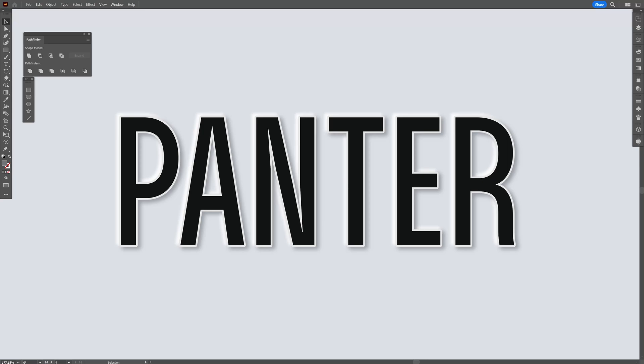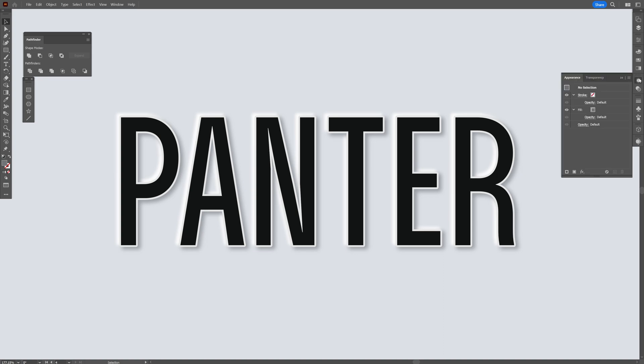Alright, today we're going to check out how to do this emboss trick in Illustrator that I saw quite often on YouTube. Of course, I won't do it with a regular appearance trick because it doesn't work all the time, so I'm going to use my own approach.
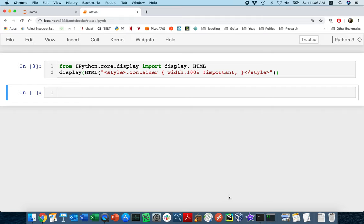Yesterday I tried recording a video and the first half was good, but the second half the sound quality was kind of garbled. I've just been having weird problems on my Mac ever since I updated to the Catalina version. So anyway, I'm going to give the second part of the demo a retry — the coding part.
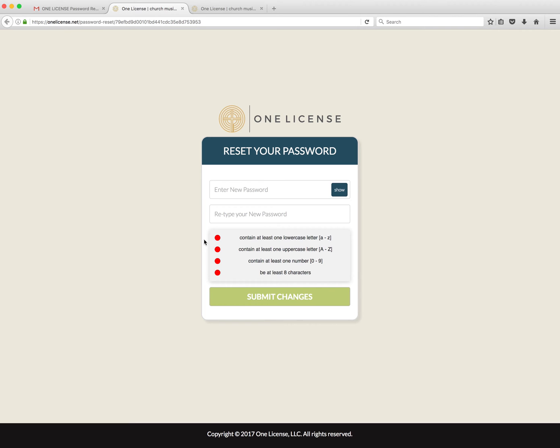From here, you'll enter your password twice identically. You can even click the handy Show button to ensure that you've spelled your password correctly.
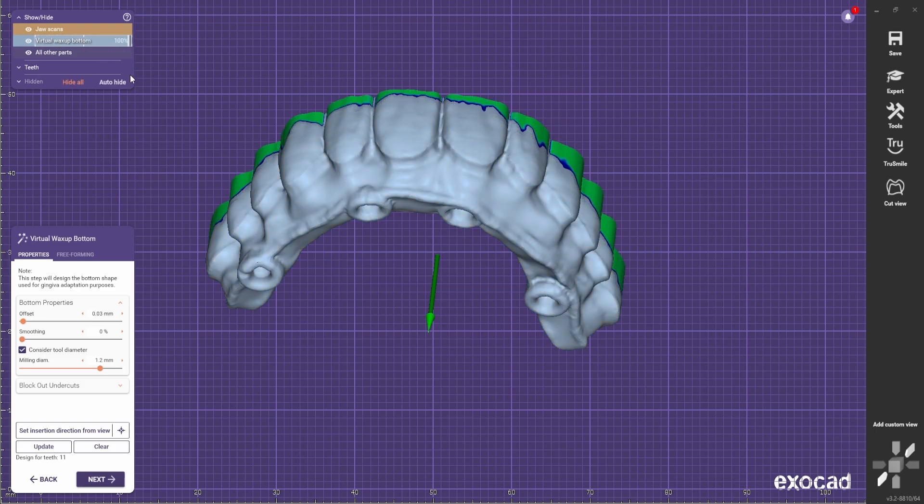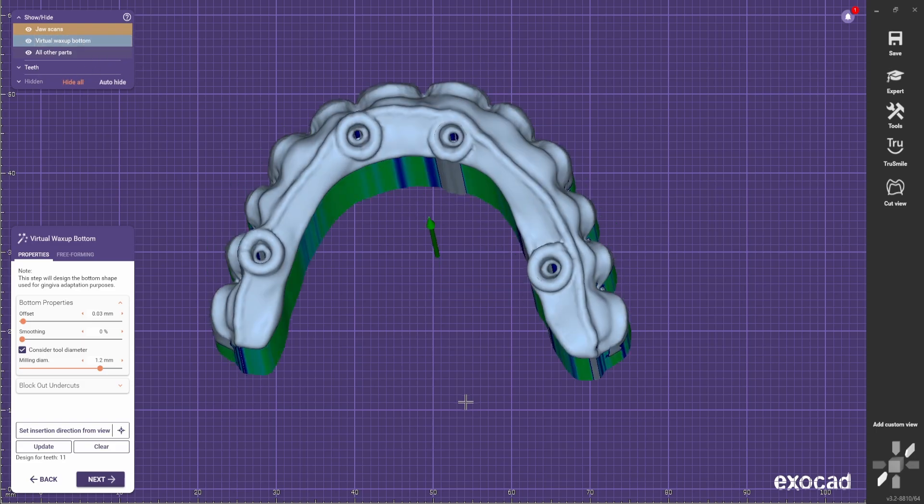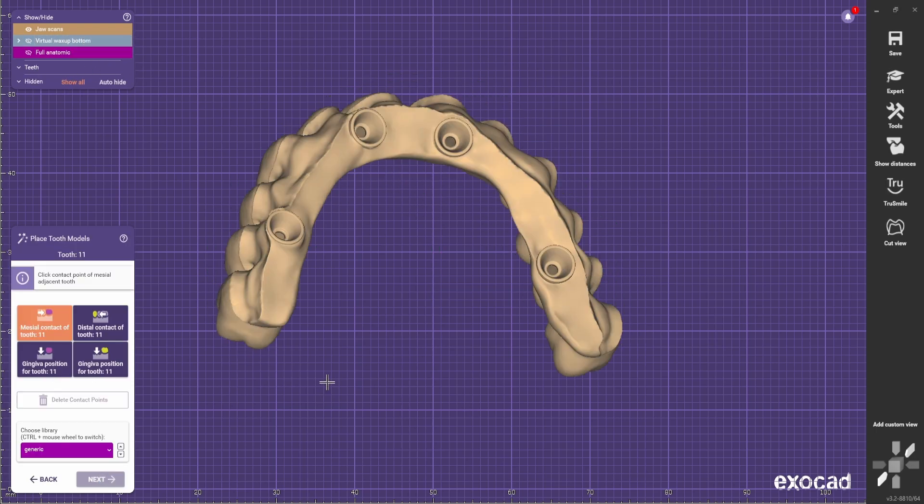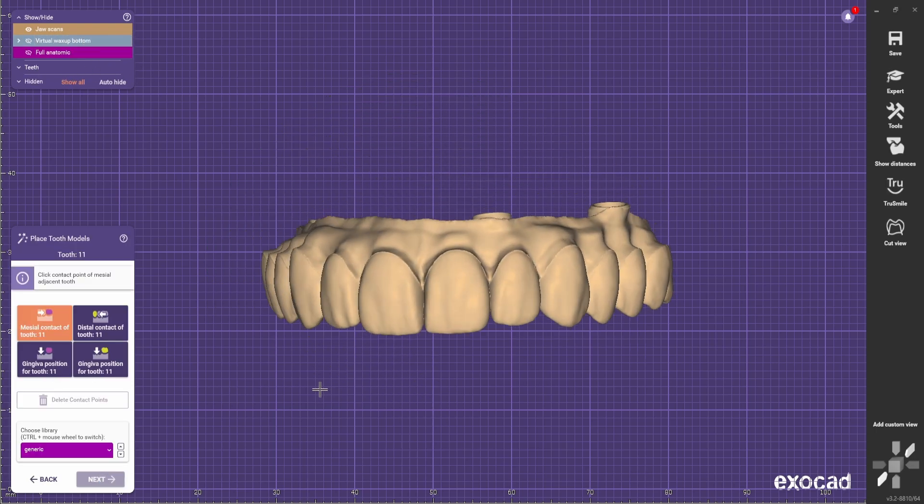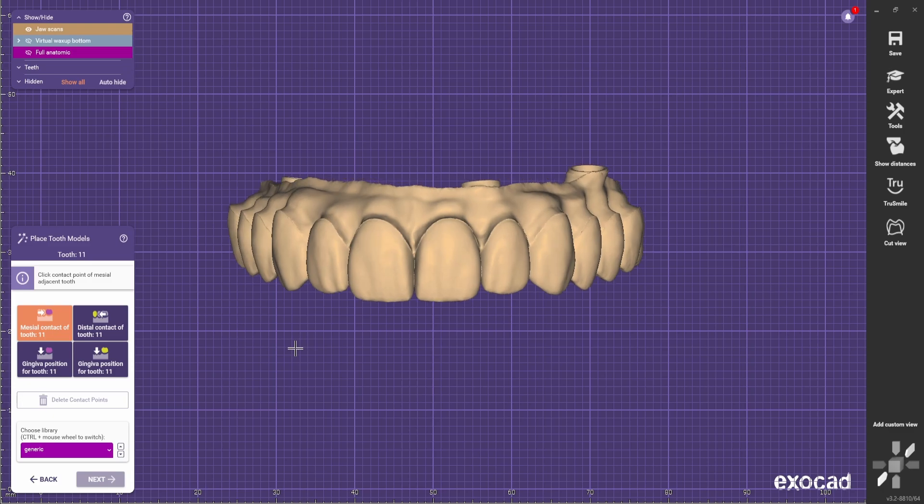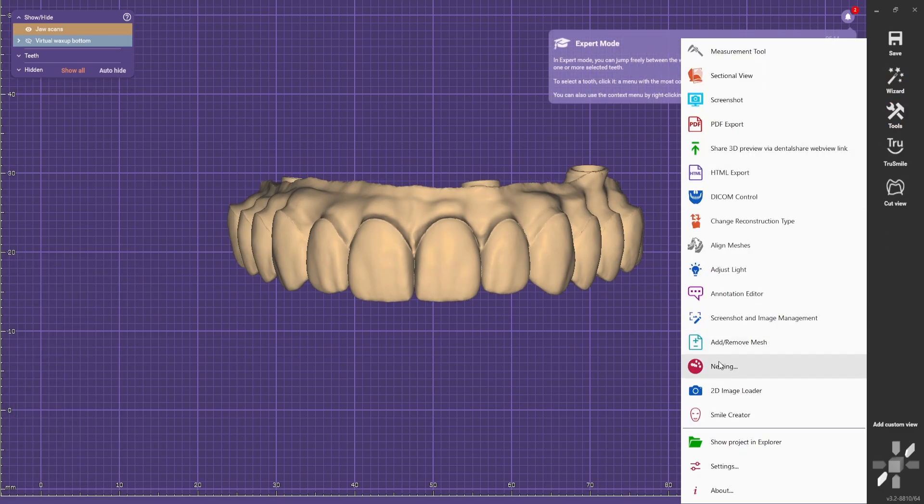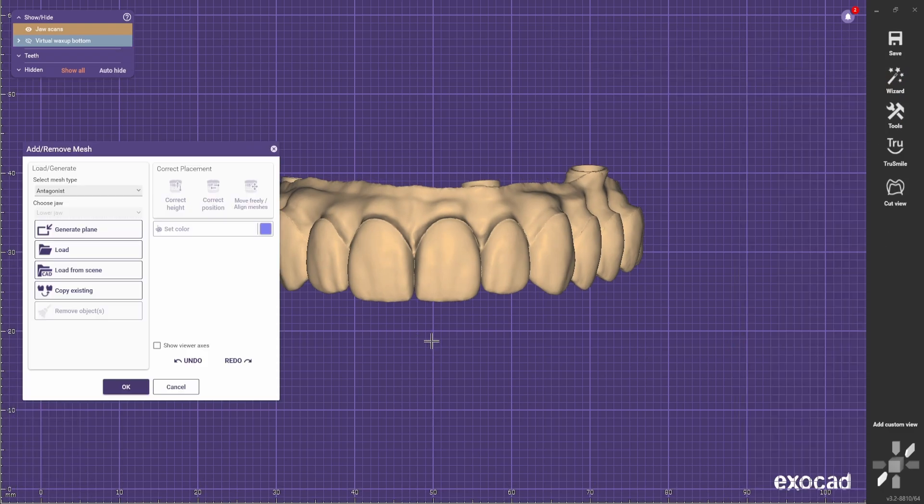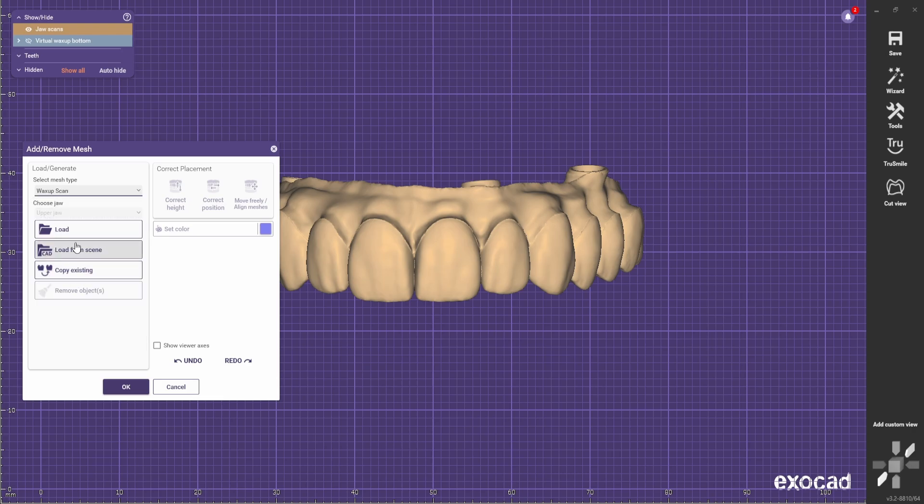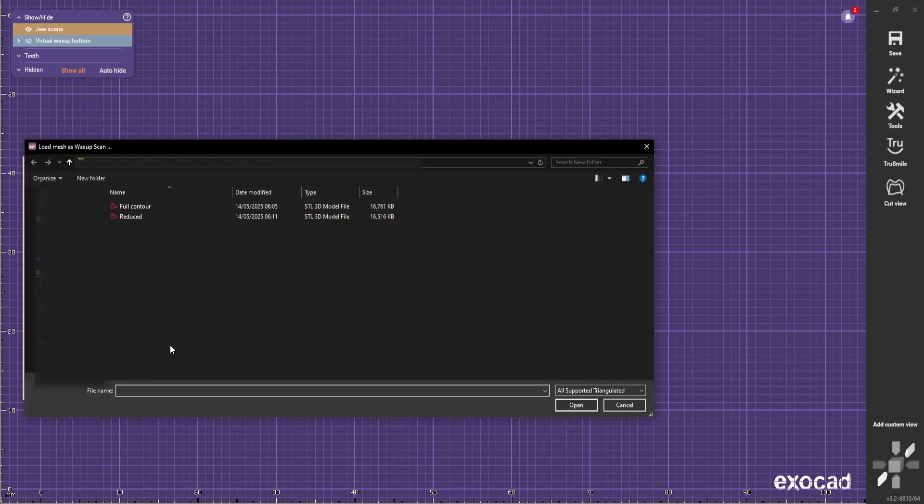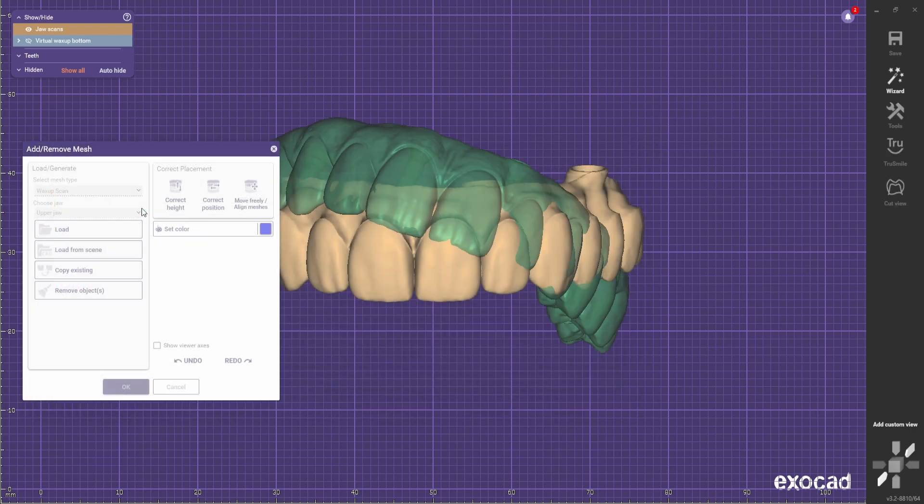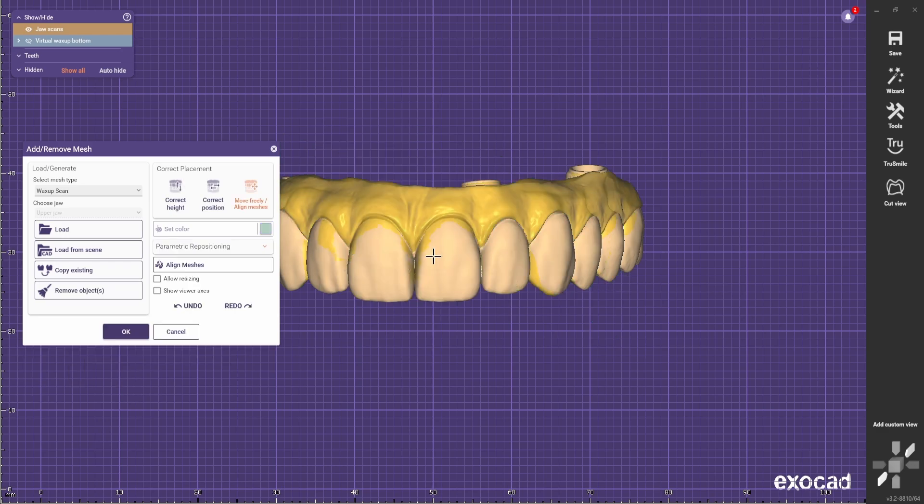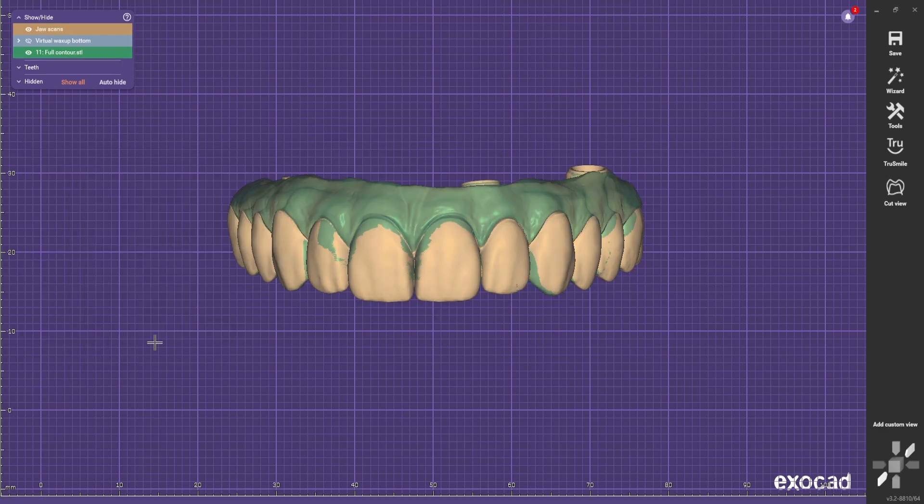You're gonna have something like this. Go next. And now when he asks you to do the Mockup, you go to expert mode, go to tools, add remove mesh and you bring the Mockup scan. And then bring the full contour and select yes. Press OK.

> **PROBLEM REQUIREMENTS**
Output every line above exactly as it stands, and drop any picture.

> **WRITTEN RESPONSE**
Alright, today we're going to check out how to do this emboss trick in Illustrator that I saw quite often on YouTube. Of course, I won't do it with a regular appearance trick because it doesn't work all the time, so I'm going to use my own approach.
Yesterday I tried recording a video and the first half was good, but the second half the sound quality was kind of garbled. I've just been having weird problems on my Mac ever since I updated to the Catalina version. So anyway, I'm going to give the second part of the demo a retry — the coding part.
From here, you'll enter your password twice identically. You can even click the handy Show button to ensure that you've spelled your password correctly.
You're gonna have something like this. Go next. And now when he asks you to do the Mockup, you go to expert mode, go to tools, add remove mesh and you bring the Mockup scan. And then bring the full contour and select yes. Press OK.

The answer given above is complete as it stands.